**Your task**
Please could you give again the lines from the one holding "A room with a wooden floor and a white door." through the final line of the data below, exactly, with no other lines?
────────
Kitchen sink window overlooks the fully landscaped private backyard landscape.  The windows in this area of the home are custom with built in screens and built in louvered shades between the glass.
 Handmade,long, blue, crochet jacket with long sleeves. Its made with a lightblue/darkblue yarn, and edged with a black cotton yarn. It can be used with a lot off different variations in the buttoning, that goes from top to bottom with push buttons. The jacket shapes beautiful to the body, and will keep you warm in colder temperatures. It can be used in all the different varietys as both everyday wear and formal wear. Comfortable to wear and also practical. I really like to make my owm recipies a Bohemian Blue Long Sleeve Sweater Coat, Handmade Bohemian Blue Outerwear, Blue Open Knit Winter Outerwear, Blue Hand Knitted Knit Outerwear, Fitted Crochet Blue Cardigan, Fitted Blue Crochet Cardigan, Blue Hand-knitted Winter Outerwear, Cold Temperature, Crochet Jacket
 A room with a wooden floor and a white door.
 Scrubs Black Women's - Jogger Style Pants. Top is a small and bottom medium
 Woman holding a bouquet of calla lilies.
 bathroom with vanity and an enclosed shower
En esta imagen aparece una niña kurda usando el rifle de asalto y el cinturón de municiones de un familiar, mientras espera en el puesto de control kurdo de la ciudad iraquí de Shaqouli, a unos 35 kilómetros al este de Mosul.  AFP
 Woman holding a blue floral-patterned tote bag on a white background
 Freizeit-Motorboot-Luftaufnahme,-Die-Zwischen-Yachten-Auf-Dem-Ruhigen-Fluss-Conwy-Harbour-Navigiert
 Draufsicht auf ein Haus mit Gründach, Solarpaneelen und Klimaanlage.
────────
**Written solution**
 A room with a wooden floor and a white door.
 Scrubs Black Women's - Jogger Style Pants. Top is a small and bottom medium
 Woman holding a bouquet of calla lilies.
 bathroom with vanity and an enclosed shower
En esta imagen aparece una niña kurda usando el rifle de asalto y el cinturón de municiones de un familiar, mientras espera en el puesto de control kurdo de la ciudad iraquí de Shaqouli, a unos 35 kilómetros al este de Mosul.  AFP
 Woman holding a blue floral-patterned tote bag on a white background
 Freizeit-Motorboot-Luftaufnahme,-Die-Zwischen-Yachten-Auf-Dem-Ruhigen-Fluss-Conwy-Harbour-Navigiert
 Draufsicht auf ein Haus mit Gründach, Solarpaneelen und Klimaanlage.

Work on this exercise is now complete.